岩波文庫8月の新刊

詩本草岩波文庫8月の新刊は,「詩本草」(柏木如亭),「小説の認識」(伊藤 整),「曖昧の七つの型(下)」( ウィリアム・エンプソン),「津田左右吉歴史論集」(今井 修編)の4点。
重版再開は,「果てしなき逃走」(ヨーゼフ・ロート),「荀子(全2冊)」,「随園食単」(袁 枚),「マルクス 経済学批判」。

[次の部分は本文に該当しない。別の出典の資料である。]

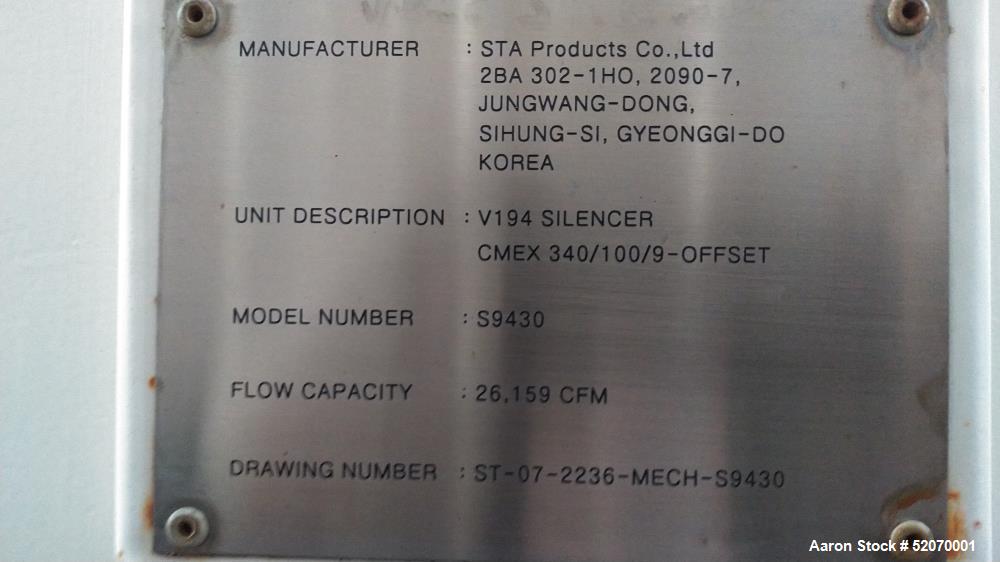 Used- Air Products Dual Modular VSA (Vacuum Swing Absorption) Oxygen Plant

「詩本草」は,江戸時代の漢詩人,柏木如亭による旅とグルメのエッセイ。柏木如亭は市川寛斎門下。家業である幕府小普請方大工棟梁を嗣ぎましたが,吉原での遊蕩に家産を傾け,32歳で弟に家業を譲り,江戸を離れて遊歴詩人として各地を旅する後半生を送ることとなります。江戸のちょい悪オヤジの放浪記ですが,荷風曰く「燈下一読するに明清名家の文をよむが如し。蓋し江戸詩人詩話中の白眉なるべし」。楽しみです。岩波書店から「遊人の抒情-柏木如亭」という評伝も出ていましたが品切れのようです。 「随園食単」はこれに絡んでの重版ですね。
岩波書店によると,『来年は岩波文庫創刊80年で,その記念出版の準備を始めています。詳細は来月のホームページでお知らせします』とのこと。